He’d always stuck to the story.
In 1961, or so he claimed, Isabel Navarro argued with her husband, as they had many times. At one point, she stalked out. Done. Gone, but there was always doubt – and now it seemed he’d been lying for decades: when peat cutters discovered the body of a young woman near his home in northwest England, Navarro finally admitted that he’d killed Isabel and dumped her corpse into a bog.
Officials prepared to charge him.
But again, that doubt. The body, as forensic anthropologist Agnes Lundstrom discovered rather quickly, was not that of Isabel. This bog woman had nearly healed wounds and her head showed old skull fractures. Her skin glowed yellow from decaying moss that her body had steeped in. No, the corpse in the bog was not from a half-century ago.

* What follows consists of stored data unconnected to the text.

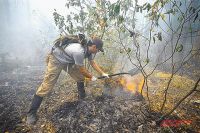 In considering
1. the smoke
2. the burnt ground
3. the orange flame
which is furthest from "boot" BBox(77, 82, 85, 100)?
the smoke

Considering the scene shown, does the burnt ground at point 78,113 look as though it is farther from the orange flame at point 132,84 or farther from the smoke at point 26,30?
the smoke at point 26,30

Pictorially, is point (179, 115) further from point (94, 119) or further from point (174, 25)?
point (174, 25)

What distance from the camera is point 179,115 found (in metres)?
4.91

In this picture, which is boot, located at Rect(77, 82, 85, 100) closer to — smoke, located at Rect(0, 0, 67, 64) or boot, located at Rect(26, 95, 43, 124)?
boot, located at Rect(26, 95, 43, 124)

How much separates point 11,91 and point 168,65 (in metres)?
6.92

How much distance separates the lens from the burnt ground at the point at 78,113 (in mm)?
4434

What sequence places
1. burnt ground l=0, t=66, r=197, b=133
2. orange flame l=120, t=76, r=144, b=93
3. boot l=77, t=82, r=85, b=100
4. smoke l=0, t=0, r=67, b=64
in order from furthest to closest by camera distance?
smoke l=0, t=0, r=67, b=64, orange flame l=120, t=76, r=144, b=93, boot l=77, t=82, r=85, b=100, burnt ground l=0, t=66, r=197, b=133

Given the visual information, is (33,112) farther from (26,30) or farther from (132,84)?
(26,30)

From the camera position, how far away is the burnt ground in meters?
4.43

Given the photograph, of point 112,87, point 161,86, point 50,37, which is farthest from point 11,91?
point 50,37

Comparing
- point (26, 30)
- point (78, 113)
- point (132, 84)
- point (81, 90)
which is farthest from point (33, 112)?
point (26, 30)

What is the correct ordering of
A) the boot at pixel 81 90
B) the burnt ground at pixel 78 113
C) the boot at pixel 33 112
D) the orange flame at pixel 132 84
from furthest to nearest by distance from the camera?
the orange flame at pixel 132 84
the boot at pixel 81 90
the boot at pixel 33 112
the burnt ground at pixel 78 113

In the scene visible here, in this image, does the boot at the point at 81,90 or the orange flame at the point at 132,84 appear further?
the orange flame at the point at 132,84

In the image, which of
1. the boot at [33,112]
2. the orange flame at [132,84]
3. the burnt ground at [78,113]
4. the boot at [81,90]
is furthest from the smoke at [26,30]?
the boot at [33,112] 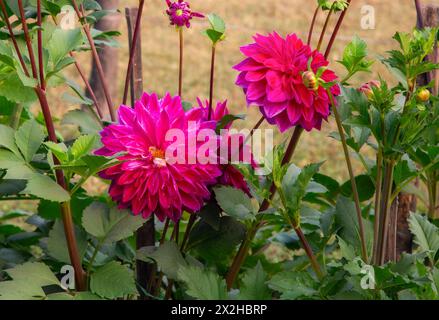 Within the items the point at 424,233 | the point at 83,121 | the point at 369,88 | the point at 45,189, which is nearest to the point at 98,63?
the point at 83,121

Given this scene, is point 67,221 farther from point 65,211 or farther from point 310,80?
point 310,80

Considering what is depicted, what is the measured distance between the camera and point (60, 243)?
1.17 meters

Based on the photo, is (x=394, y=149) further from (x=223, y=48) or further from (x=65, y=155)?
(x=223, y=48)

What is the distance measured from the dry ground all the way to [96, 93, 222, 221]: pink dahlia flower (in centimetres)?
247

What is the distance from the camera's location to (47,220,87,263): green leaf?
115cm

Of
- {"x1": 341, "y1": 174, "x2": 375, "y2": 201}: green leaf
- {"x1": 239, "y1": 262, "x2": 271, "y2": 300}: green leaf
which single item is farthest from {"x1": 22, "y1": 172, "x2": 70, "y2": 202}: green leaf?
{"x1": 341, "y1": 174, "x2": 375, "y2": 201}: green leaf

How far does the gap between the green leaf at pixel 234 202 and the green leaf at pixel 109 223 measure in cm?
11

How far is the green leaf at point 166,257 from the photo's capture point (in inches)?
45.4

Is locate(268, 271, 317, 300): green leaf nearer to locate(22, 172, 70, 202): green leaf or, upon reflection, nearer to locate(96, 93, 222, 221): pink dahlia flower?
locate(96, 93, 222, 221): pink dahlia flower

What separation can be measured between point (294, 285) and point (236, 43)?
451cm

She was roughly 2,000 years old.
But who was the woman from the bog? Knowing more about her would’ve been a nice distraction for Agnes; she’d left America to move to England, left her father and a man she might have loved once, with the hope that her life could be different. She disliked solitude but she felt awkward around people, including the environmental activists, politicians, and others surrounding the discovery of the Iron Age corpse.
Was the woman beloved? Agnes could tell that she’d obviously been well cared-for, and relatively healthy despite the injuries she’d sustained. If there were any artifacts left in the bog, Agnes would have the answers she wanted. If only Isabel’s family, the activists, and authorities could come together and grant her more time.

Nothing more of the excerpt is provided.